=== Section Start ===

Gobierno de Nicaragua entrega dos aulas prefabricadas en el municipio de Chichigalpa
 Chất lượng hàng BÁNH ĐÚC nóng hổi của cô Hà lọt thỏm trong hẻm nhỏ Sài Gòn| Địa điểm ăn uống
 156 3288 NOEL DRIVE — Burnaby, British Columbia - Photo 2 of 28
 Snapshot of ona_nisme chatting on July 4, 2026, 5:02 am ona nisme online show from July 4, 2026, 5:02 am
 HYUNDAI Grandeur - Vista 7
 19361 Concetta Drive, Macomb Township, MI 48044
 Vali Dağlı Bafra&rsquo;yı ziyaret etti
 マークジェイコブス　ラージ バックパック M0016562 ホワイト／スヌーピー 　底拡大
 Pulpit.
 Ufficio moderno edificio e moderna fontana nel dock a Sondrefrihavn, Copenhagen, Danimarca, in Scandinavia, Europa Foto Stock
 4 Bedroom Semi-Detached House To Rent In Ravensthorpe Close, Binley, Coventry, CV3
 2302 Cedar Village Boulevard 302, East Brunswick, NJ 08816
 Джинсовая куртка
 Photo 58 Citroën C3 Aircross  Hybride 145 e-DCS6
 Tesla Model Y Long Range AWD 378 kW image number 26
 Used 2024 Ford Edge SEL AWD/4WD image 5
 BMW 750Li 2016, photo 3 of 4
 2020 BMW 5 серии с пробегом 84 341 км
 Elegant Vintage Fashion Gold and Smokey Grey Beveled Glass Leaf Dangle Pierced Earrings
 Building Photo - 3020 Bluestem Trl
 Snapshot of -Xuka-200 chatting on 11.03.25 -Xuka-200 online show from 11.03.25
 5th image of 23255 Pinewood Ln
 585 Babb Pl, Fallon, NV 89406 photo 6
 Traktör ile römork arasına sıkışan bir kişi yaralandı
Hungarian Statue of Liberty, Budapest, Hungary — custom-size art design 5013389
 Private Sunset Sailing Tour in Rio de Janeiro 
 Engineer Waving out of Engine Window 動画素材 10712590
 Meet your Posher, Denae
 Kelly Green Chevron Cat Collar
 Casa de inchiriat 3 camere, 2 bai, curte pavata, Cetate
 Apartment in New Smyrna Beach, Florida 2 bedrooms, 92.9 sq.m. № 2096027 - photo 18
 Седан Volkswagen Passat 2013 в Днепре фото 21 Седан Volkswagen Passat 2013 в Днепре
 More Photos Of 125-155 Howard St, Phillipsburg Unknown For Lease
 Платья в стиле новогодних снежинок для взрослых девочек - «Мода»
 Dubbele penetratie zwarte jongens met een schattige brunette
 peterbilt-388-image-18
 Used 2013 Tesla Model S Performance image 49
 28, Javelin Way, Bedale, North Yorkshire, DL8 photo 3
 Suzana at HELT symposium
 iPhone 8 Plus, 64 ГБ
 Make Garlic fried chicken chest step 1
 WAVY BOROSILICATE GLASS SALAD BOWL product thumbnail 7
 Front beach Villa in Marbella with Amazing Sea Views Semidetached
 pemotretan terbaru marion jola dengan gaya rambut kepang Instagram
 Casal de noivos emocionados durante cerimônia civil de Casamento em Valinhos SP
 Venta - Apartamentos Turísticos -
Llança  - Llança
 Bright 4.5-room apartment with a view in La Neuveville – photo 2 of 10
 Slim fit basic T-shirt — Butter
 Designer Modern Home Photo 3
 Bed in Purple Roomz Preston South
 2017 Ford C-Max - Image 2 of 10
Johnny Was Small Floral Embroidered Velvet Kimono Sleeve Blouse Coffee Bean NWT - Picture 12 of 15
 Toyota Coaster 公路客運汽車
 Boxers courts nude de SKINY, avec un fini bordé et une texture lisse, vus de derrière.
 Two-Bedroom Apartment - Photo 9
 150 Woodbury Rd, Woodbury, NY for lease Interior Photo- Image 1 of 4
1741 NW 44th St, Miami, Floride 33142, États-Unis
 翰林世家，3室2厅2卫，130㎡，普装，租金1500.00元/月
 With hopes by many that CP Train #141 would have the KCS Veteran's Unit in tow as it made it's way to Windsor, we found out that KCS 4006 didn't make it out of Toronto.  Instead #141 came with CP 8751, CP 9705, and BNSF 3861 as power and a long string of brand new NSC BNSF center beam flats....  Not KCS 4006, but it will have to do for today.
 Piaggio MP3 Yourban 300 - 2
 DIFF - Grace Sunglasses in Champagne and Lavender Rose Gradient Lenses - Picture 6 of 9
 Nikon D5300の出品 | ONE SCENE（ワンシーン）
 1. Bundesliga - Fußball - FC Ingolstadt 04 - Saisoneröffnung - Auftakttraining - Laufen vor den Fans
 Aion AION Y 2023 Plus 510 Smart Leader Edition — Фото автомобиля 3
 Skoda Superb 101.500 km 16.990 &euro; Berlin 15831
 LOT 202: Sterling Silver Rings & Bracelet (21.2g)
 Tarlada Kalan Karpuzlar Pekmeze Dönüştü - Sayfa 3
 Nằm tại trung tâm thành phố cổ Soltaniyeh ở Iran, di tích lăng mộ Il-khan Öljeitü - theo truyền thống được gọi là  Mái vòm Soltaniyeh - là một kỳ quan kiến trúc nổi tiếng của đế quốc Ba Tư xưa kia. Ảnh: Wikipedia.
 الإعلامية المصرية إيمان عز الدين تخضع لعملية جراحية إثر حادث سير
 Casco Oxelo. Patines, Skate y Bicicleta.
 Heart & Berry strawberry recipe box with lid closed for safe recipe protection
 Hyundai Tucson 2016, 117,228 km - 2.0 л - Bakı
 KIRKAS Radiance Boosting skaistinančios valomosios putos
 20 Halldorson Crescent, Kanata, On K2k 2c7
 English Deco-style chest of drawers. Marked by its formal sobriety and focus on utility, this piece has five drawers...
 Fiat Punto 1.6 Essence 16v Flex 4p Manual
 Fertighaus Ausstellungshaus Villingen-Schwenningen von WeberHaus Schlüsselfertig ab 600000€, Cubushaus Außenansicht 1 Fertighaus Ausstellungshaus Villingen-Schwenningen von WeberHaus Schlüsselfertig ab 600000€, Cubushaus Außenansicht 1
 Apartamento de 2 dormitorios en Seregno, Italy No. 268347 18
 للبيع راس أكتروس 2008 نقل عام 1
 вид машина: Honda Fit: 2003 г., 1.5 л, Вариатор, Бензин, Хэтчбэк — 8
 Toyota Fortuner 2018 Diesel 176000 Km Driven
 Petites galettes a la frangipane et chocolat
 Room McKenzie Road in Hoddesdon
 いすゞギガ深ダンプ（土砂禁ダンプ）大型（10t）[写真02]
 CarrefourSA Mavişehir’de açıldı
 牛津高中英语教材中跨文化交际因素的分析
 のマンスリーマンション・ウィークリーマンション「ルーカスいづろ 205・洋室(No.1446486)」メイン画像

=== Section End ===

## TASK DESCRIPTION
From the entries above, extract only the lines running from the one containing "5th image of 23255 Pinewood Ln" through the one containing "Седан Volkswagen Passat 2013 в Днепре фото", inclusive.

## EXERCISE OUTPUT
 5th image of 23255 Pinewood Ln
 585 Babb Pl, Fallon, NV 89406 photo 6
 Traktör ile römork arasına sıkışan bir kişi yaralandı
Hungarian Statue of Liberty, Budapest, Hungary — custom-size art design 5013389
 Private Sunset Sailing Tour in Rio de Janeiro 
 Engineer Waving out of Engine Window 動画素材 10712590
 Meet your Posher, Denae
 Kelly Green Chevron Cat Collar
 Casa de inchiriat 3 camere, 2 bai, curte pavata, Cetate
 Apartment in New Smyrna Beach, Florida 2 bedrooms, 92.9 sq.m. № 2096027 - photo 18
 Седан Volkswagen Passat 2013 в Днепре фото 21 Седан Volkswagen Passat 2013 в Днепре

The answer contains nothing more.